Reno Cop Shop Leveled

They’ve finally brought down the old Reno Police Department headquarters on East 2nd Street, a building so long abandoned it might’ve qualified for sainthood had it stood much longer without plumbing.

The City Council, ever eager to swing a wrecking ball at anything with memories or masonry, gave the nod earlier this year to have the place torn down. They say the idea is to erect a shiny new headquarters for the Reno Fire Department, which has been wandering the desert since 2008 like a band of municipal Israelites.

The old cop shop, built in the ’40s, has spent its golden years being abused by the fire boys for training. By the end, it looked less like a public building and more like the set of a spaghetti Western shootout, with broken windows, smashed walls, and enough debris to make a raccoon blush.

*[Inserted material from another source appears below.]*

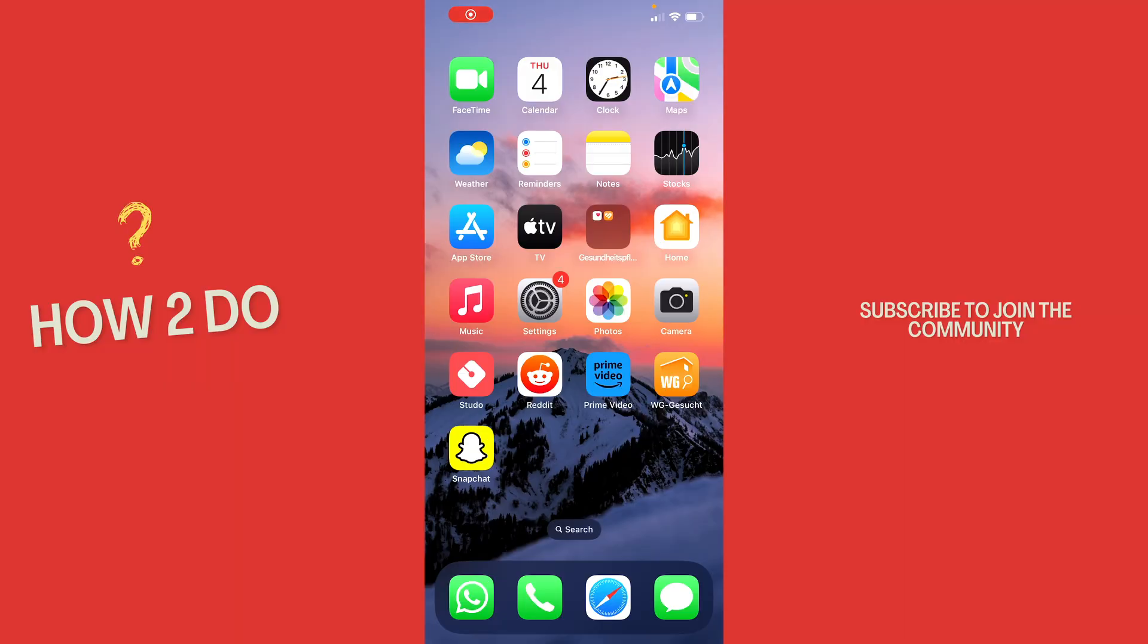Hey guys and welcome to a new video on How to Do. Today I will show you how you can save a snap in your private memories on Snapchat.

But don’t think for a minute that this is just civic housekeeping. Nope.

It is the Reno City Council at its most industrious—kicking out the folks with badges from one address and calling it progress–while Reno’s homeless population keeps growing faster than City Hall’s excuses. You might say the Council’s got a taste for creating homelessness, whether you sleep on cardboard or carry a badge and sidearm.

Now, the boys in blue have moved to Kuenzli Street, and the fire folks are promised a new station by 2027—assuming the Council doesn’t get distracted by something shinier or costlier. Maybe a gold-plated roundabout or a “Zen garden” made entirely of recycled council agendas.

For now, East 2nd Street stands quiet, the rubble fresh and the promise bold. But if history is any teacher—and she usually is—it’s safe to say that in Reno, the only thing more certain than taxes is that the City Council will find a way to fix things until it’s broke.